[Collected data entries]
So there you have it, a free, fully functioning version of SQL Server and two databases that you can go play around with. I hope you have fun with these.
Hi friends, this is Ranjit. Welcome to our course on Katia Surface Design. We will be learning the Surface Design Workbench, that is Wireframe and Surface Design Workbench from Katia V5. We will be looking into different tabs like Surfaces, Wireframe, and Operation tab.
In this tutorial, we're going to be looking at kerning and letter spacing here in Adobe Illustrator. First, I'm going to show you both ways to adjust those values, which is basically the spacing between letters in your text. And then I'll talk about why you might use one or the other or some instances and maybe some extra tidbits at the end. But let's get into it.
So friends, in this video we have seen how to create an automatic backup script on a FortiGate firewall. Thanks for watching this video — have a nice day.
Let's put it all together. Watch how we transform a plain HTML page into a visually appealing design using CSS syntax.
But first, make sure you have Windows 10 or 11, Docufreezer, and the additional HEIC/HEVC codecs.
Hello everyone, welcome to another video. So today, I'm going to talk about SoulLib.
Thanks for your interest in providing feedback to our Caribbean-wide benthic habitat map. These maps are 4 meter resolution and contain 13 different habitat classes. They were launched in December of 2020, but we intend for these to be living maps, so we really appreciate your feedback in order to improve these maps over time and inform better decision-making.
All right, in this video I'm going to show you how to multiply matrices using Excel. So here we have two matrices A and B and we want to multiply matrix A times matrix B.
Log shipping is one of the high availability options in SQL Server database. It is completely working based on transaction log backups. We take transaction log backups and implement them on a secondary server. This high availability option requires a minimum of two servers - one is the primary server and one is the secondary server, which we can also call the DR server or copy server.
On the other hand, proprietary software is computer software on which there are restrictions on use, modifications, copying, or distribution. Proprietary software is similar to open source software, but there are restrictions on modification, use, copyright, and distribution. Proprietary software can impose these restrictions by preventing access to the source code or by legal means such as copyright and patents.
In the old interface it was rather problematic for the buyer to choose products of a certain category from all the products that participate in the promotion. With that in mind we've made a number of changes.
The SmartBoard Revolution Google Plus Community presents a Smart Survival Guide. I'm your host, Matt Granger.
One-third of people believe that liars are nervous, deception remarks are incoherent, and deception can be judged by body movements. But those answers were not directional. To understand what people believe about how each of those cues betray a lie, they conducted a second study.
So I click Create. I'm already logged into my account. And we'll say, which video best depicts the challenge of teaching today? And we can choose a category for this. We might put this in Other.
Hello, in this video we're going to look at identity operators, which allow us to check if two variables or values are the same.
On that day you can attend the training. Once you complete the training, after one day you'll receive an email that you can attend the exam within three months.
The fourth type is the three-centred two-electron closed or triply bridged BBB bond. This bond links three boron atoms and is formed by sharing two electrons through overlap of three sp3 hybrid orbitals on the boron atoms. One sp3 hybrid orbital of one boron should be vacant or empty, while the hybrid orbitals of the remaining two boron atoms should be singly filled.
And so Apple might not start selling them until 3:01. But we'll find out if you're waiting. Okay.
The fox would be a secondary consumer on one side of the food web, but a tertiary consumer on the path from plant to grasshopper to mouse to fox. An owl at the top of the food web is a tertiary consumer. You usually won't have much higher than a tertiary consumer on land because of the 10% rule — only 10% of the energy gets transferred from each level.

• _How to complete this task_:
If a line above holds the string "different", copy it out.

• _Finished exercise_:
Hi friends, this is Ranjit. Welcome to our course on Katia Surface Design. We will be learning the Surface Design Workbench, that is Wireframe and Surface Design Workbench from Katia V5. We will be looking into different tabs like Surfaces, Wireframe, and Operation tab.
Thanks for your interest in providing feedback to our Caribbean-wide benthic habitat map. These maps are 4 meter resolution and contain 13 different habitat classes. They were launched in December of 2020, but we intend for these to be living maps, so we really appreciate your feedback in order to improve these maps over time and inform better decision-making.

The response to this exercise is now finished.